Congrats to the folks of the Georgie PINES library system who recently won the $50,000 Mellon Award for Technology Collaboration.

“The Mellon Awards honor not-for-profit organizations for leadership in the collaborative development of open-source software tools with particular application to higher education and cultural heritage not-for-profit activities.”

The award was present by Tim Berners-Lee. He invented something he calls the “World Wide Web”, which we here at SLISIT think might catch on one day.

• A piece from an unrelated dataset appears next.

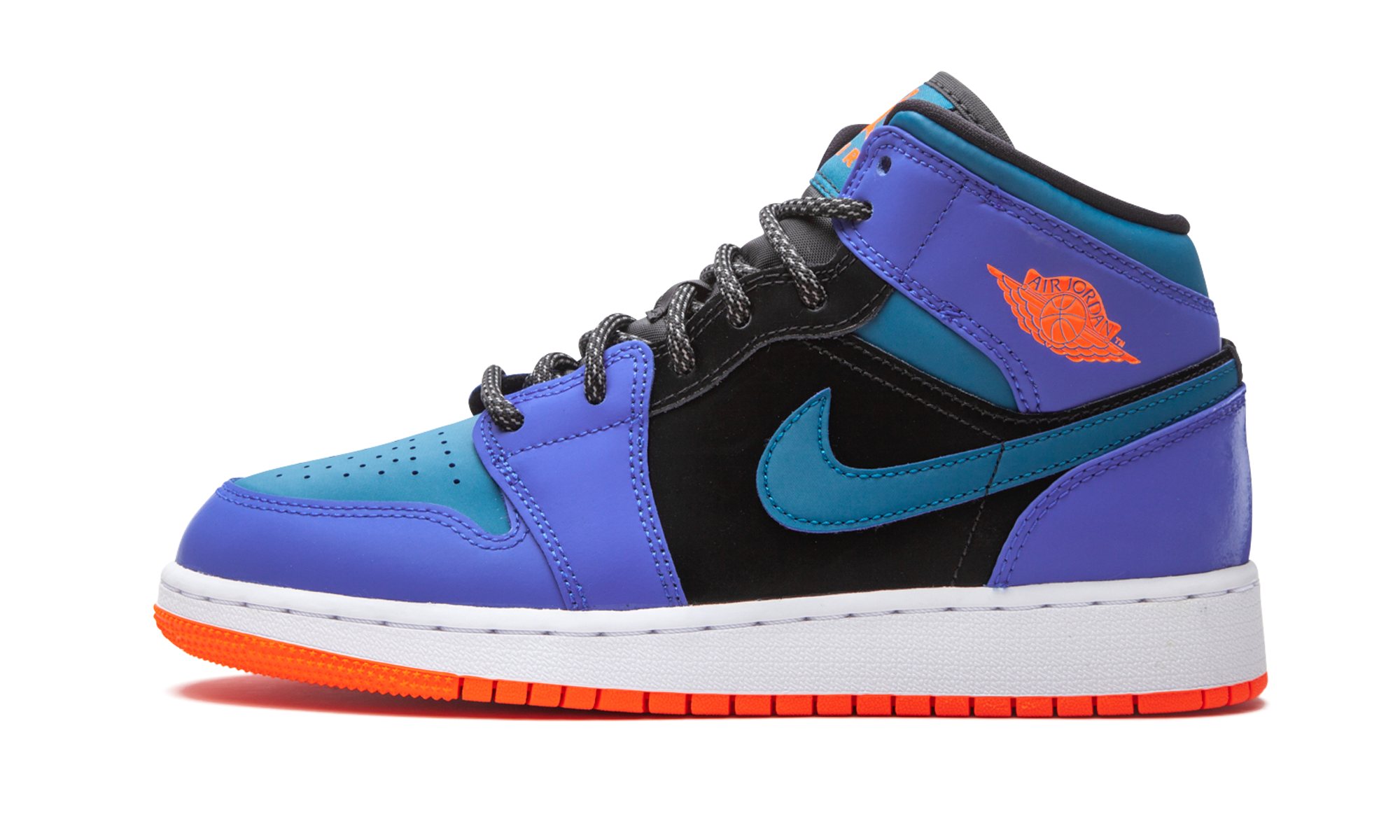 jordan 1 mid racer blue green abyss gs+554725-440+diagnol right view 1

Free e-TextBooks for Developing Nations

December 16, 2007

Two professors in the U.S. are developing a collection of free online textbooks for use in colleges in developing nations. The content contribution model is similar to Wikipedia’s, but with a much more restricted set of final editors.

Librarian Bloggers

December 16, 2007

Library Journal did a survey of 839 blogging librarians to get a better understand of who’s blogging. The demographic breakdown may not be what you’d expect.


December 12, 2007

The beautiful thing about library geeks is that are often also tech
geeks.   And what’s geekier than a metasearch engine that focuses on
library blogs?  So much so that my geekdar went off the map when I
first visited this site.  And at first I just stared at the thing
wondering “why would I want to search library blogs?  I mean, I have
my own private collection of blogs that I follow, but I why would I
want to search for information from a source as unauthoritative as a

However, I took the plunge and entered a search for “library 2.0”.
The tool worked its magic and yielded dozens of results on the topic,
including a series of responses to individual posts.   I was
immediately sucked in by the dialogue going back and forth in the
blogosphere.  This tool puts the discussion happening in the library
geek trenches (err..stacks?) at the reader’s fingertips with a minimal
amount of effort.

I suppose the only thing geekier than making this tool would be
appreciating this tool and using it to read about tech savy
librarian’s commentary on issues in the field.



December 5, 2007

Found via LibrarianInBlack-

Computers in Libraries recently featured Fac-Back-OPAC, an open source next-gen OPAC that features faceted searching and serves as a backup OPAC (hence the Fac and Back in the name). If you’re following next-gen OPACs, this is worth checking out.